Beş duyuya da hitap edecek
Uzun bir süre sonra ilk kez Mercedes-Benz Fashion Week Istanbul takviminde yer alacak olan Dilek Hanif, farklı bir sunum hazırladı
Dilek Hanif savaşçı kadınlardan ilham alarak yaptığı tasarımları görmeye gelenleri etkileyici bir yolculuğa çıkarmaya hazırlanıyor. MBFWI’da farklı bir konsept sunmak istediğini söyleyen Hanif, ilkbahar - yaz 2017 koleksiyonunu, beş duyuya hitap eden, “deneyim” odaklı özel bir gösterimle tanıtacak. Şovu izlemeye gelenleri, koleksiyonun referans noktaları arasında etkileyici bir yolculuğa çıkarmayı hedefleyen tasarımcı, “Defile yapmak beni her zaman heyecanlandırır ama bu defa MBFWI’de bir tür moda enstalasyonu düzenliyoruz. Böyle bir sunum için tabii ki önce bir konsept geliştirme sürecimiz oldu. Fikir hazır olunca çok değerli bir mimarla çalıştık ve hayalimizin gerçeğe dönüşmesi konusunda kendisinden yardım aldık. Ortaya farklı bir içerik çıkınca da defilelerin yapılacağı Zorlu PSM’ye yakın bir yer arayışımız çıktı. Bu noktada da Raffles İstanbul, tam ihtiyacımız olan mekanla bize kapılarını açtı. Şu an tüm hazırlıkların son aşamasındayız” diyor.

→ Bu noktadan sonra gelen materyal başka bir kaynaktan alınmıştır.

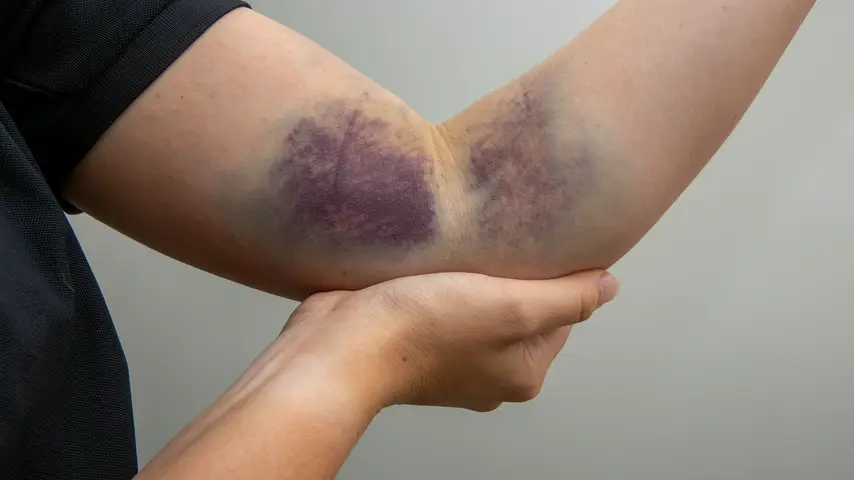 Contusions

Koleksiyonun ilham perileri, geçmişten geleceğe savaşçı kadınlar. Vücudu saran formlar, bakır, altın ve gümüş rengi işlemelerle güç hissinin altını çizmeye çalışan Hanif ve ekibi, krep üzerine tribal işlemeler ve yine işlemelerle güçlendirilen geometrik detayları ustalıkla dikerek düz, net ve minimal kalıplar yaratmış. Yani minimallik önemli bir nokta. Zira tasarımcıya göre koleksiyonun en dikkat çeken özelliği, kullandığı üstün kaliteli kumaşları mümkün olduğunca sade kesimlerde tasarlamış olması. Ana renk olarak karşımıza çıkan siyahın yanı sıra; bordo, petrol yeşili, antrasit, pudra ve inciden oluşan bir renk paleti tercih etmiş.
Üç ayrı konseptten oluşan koleksiyonda, zamansız parçaların yanı sıra Osmanlı’ya atıfta bulunan ve bu dönemden uyarlanan tasarımlara rastlamak da mümkün. “Aslında her parça benim için çok özel ve önemli ama püskül kullanımıyla hareketlendirilen kısa kokteyl elbisesi ve dantel yakalı uzun romantik gece elbisesi, koleksiyonun güçlü mesajlarını ve tasarım kodlarını içeriyor diye düşünüyorum” diyor Hanif.
Başarının sırrı
Dilek Hanif’in defilelerde en çok önemsediği şey, tüm organizasyonun bir saat gibi işlemesi. “Eğer podyumda çok güzel bir akışa imza atmışsak, davetliler sadece bu görkeme tanıklık etmişse, kulisteki hız ve sorunlar kuliste kalmış ve dışarıya hiç yansımamışsa başarılı bir defile yapmışız demektir” diye anlatıyor başarının sırrını.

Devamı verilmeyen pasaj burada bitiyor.